Loop je langer dan een uur?
Vul dan aan met vocht en voeding. Drink als basis sowieso 1,5 tot 2 liter water of thee per dag, en tijdens een langere loop start je vanaf een half uur tot een uur met kleine slokjes drinken. Drink niet in één keer een halve bidon, want dat gaat klotsen in je maag. Je kunt voor een isotone sportdrank gaan. Dat bevat wat suikers en mineralen, en bevordert zo de opname van het vocht in je lichaam. Is het erg warm, dan begin je sowieso al na een half uur met slokjes drinken.
Laat het liefst twee uur tussen je maaltijd en je hardloopronde. Zo zorg je ervoor dat je maaltijd je niet in de weg zit tijdens het hardlopen. Je maag en darmen hebben namelijk tijd én rust nodig om je maaltijd te verteren. Hardlopen hoort bij de actiestand van je lichaam; er gaat meer bloed naar je spieren ten koste van je spijsvertering. Hierdoor kun je het gevoel geven dat je maaltijd ‘omhoog’ komt. Denk wederom aan die combinatie van langzame koolhydraten, eiwitten en vetten.

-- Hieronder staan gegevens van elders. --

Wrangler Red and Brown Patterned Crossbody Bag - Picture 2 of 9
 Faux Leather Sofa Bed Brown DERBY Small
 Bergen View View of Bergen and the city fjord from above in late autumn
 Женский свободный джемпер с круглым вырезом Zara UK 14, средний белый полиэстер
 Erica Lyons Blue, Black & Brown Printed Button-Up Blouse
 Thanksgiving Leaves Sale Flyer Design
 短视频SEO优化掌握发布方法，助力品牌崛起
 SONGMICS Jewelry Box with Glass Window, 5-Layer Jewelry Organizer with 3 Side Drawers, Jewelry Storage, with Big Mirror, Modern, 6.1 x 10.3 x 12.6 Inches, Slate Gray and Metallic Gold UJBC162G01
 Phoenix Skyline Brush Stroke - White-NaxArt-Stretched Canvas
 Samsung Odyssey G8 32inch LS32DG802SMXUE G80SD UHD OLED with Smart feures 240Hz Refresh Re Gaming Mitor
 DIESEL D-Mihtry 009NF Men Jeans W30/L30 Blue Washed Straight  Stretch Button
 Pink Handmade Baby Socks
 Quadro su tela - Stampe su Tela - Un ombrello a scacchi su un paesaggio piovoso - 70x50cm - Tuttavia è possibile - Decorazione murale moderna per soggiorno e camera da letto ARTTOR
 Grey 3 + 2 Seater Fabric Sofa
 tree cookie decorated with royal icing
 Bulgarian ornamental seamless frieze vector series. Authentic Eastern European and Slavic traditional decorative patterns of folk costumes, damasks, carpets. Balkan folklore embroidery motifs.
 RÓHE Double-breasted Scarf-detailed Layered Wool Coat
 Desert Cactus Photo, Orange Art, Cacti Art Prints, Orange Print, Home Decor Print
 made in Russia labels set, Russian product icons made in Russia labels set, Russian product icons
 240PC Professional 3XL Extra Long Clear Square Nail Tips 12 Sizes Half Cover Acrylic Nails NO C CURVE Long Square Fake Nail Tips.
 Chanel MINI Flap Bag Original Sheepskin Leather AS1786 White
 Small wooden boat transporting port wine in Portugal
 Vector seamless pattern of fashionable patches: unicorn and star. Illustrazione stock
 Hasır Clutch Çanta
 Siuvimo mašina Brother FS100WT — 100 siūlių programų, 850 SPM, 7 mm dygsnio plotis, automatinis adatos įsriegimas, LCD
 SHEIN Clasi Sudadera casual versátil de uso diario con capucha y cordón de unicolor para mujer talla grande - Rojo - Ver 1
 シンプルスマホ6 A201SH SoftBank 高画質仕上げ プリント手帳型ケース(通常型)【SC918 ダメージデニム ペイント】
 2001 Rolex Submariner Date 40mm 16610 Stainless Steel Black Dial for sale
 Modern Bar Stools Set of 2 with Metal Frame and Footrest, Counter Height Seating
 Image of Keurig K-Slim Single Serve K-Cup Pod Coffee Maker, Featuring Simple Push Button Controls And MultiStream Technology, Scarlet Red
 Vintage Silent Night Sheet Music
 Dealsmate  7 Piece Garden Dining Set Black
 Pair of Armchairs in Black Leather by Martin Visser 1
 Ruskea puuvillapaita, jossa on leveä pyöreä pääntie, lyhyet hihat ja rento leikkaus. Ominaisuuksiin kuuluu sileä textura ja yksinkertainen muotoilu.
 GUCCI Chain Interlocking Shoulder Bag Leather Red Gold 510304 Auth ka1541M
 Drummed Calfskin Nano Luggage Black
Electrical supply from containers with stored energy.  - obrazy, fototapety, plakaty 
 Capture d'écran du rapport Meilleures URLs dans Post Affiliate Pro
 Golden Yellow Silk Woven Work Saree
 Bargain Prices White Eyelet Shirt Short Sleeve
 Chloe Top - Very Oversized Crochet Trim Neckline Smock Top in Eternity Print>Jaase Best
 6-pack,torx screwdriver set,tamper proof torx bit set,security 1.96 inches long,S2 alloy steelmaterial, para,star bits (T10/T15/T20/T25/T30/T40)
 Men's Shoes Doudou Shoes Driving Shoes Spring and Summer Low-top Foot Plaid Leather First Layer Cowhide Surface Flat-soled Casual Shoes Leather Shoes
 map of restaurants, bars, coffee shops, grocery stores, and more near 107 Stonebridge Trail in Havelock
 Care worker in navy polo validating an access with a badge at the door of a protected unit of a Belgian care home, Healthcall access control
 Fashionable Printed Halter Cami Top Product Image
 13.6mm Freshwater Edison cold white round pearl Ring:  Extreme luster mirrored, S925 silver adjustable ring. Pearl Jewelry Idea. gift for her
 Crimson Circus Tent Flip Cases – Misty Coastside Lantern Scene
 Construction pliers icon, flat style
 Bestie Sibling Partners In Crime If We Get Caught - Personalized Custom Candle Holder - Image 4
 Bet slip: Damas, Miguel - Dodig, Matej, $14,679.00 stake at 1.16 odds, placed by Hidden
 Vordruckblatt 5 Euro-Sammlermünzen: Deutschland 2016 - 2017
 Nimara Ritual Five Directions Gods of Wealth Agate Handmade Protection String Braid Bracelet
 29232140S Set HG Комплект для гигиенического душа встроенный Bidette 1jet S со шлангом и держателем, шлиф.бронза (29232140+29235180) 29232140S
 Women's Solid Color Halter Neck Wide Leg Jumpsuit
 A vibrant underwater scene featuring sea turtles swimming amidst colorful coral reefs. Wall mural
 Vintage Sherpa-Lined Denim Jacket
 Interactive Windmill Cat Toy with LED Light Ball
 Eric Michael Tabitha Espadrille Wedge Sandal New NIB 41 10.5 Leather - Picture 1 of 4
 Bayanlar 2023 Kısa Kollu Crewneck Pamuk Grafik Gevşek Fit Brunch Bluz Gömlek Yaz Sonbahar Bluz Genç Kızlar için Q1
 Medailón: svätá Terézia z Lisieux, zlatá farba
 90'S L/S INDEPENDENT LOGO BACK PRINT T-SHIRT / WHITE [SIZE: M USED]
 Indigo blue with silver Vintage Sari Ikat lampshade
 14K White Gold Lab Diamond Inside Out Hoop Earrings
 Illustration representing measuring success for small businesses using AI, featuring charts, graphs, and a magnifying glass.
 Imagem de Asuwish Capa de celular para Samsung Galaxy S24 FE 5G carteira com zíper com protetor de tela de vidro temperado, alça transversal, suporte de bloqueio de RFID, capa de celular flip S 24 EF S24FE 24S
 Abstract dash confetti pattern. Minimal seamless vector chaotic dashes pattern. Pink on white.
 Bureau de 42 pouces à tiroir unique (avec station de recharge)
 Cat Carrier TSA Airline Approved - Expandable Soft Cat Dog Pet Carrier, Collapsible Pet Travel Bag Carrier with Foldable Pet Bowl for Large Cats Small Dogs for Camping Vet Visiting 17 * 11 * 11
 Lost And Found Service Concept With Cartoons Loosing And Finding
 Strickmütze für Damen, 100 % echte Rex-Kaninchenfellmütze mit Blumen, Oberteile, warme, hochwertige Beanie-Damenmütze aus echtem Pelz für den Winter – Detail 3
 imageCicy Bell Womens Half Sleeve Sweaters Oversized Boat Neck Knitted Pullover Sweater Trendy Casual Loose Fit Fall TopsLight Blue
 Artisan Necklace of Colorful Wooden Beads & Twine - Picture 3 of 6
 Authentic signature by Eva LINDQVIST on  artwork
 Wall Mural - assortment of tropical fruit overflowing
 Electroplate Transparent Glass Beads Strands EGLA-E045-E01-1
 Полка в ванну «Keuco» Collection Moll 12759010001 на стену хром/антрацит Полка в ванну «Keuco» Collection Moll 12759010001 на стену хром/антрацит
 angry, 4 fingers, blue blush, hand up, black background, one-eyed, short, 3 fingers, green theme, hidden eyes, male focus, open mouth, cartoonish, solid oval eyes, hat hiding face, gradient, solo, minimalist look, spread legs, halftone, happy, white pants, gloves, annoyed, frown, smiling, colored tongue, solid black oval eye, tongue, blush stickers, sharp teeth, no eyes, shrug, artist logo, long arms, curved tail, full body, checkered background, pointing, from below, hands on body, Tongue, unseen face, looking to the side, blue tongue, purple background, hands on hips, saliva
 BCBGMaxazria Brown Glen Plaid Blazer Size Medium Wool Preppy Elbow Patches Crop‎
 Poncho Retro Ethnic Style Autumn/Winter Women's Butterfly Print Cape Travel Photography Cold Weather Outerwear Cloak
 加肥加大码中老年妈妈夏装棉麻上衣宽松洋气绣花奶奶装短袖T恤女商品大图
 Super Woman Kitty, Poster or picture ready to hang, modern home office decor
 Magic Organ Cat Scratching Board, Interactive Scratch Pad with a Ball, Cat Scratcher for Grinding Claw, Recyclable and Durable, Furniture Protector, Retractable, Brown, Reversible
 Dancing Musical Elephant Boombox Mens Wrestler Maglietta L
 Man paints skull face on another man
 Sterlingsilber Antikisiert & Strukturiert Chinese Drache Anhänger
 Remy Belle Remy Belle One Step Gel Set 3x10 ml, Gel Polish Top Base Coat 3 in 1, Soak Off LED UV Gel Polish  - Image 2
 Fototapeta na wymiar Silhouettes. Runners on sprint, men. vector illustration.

Sta je aan de start van een wedstrijd of wil je de stoepstenen uit de straat lopen? Ga dan voor een extra shot koolhydraten ongeveer een half uurtje voor de start. Eet dan het liefst iets kleins zodat je spijsvertering het hardlopen niet in de weg zit. Denk aan een banaan, druiven of een paar dadels of gedroogde vijgen of abrikozen. Allemaal voedingsmiddelen waaruit je lichaam relatief snel energie kan halen, en die ook nog eens vitamines en mineralen bevatten. Die vitamines en mineralen heeft je lichaam namelijk ook nodig om optimaal te presteren.
Loop je langer dan een uur, neem dan tijdens het hardlopen ongeveer 30 gram koolhydraten per uur. Zoals een gelletje of vijf dadels (ongeveer 25 gram koolhydraten) of wederom een banaan. Dat bevat ongeveer 30 gram koolhydraten. Die laatste is alleen minder makkelijk mee te nemen.